Dear Minister Kelly Regan,

You may remember the last two open letters I wrote you over the last year or so. In both letters I brought to your attention different issues around poverty in Nova Scotia.

In my first letter I gave you lots of suggestions on how to improve the lives of people who live in poverty. In my second letter I talked about people losing their special diet allowances.

In this letter that I am writing today I want to remind you that in Nova Scotia there is really no extra living allowance for persons with disabilities.

Here in Nova Scotia there is supposed to be up to $500 funding available as an allowance through the FLEX program, to help persons with disabilities who are on income assistance maintain their independence in the community.  

However there is a lot of red tape and bureaucratic nonsense involved with getting approved for those allowances. I personally know some ten social assistance recipients who tried to access that extra $500 to use as extra money to live on.  

One of these people is the person I wrote about in this story here. This person lives with social anxiety and she tried to get approved for that allowance so she can better maintain her mental health.

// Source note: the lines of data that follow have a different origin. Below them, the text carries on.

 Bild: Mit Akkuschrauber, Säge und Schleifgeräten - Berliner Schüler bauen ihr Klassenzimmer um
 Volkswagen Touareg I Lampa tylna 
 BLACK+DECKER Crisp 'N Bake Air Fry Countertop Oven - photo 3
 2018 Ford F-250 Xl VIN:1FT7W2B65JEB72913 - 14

I know of another social assistance recipient who looked at the FLEX program together with his North End Community Health Centre caseworker, and between the two they decided not to even bother applying.

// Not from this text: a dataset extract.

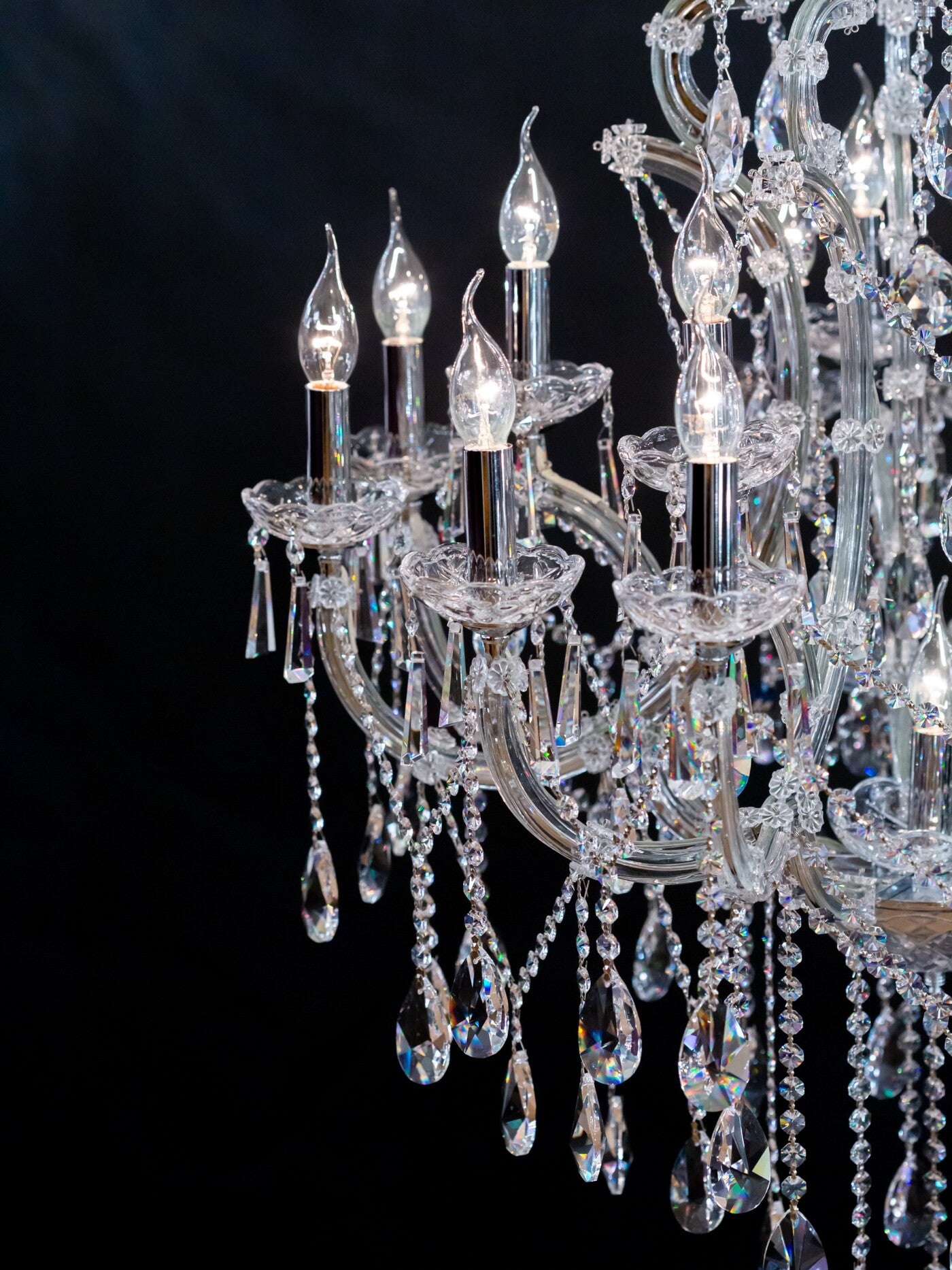 Carlaa (⌀ 85 cm) - classic 6-armed Maria Theresa crystal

Others as well talked to me about giving up trying to get approved for that allowance. They said what ended up happening was they went to their caseworker and their caseworker referred them to another Community Services worker, who then interviewed them.

These Social Assistance recipients all mentioned to me that they felt like they went to a bank and applied for a bank loan. They felt that way because one of the specific questions they were asked was “So if we did approve you for that $500 what will you spend it on?”

Telling the Department Staff person they will use it to top up their rent and help them live a better life ended up not working.  

If that $500 through FLEX really is available as an extra living allowance for people on assistance who have disabilities to help them maintain their independence than they should automatically get approved.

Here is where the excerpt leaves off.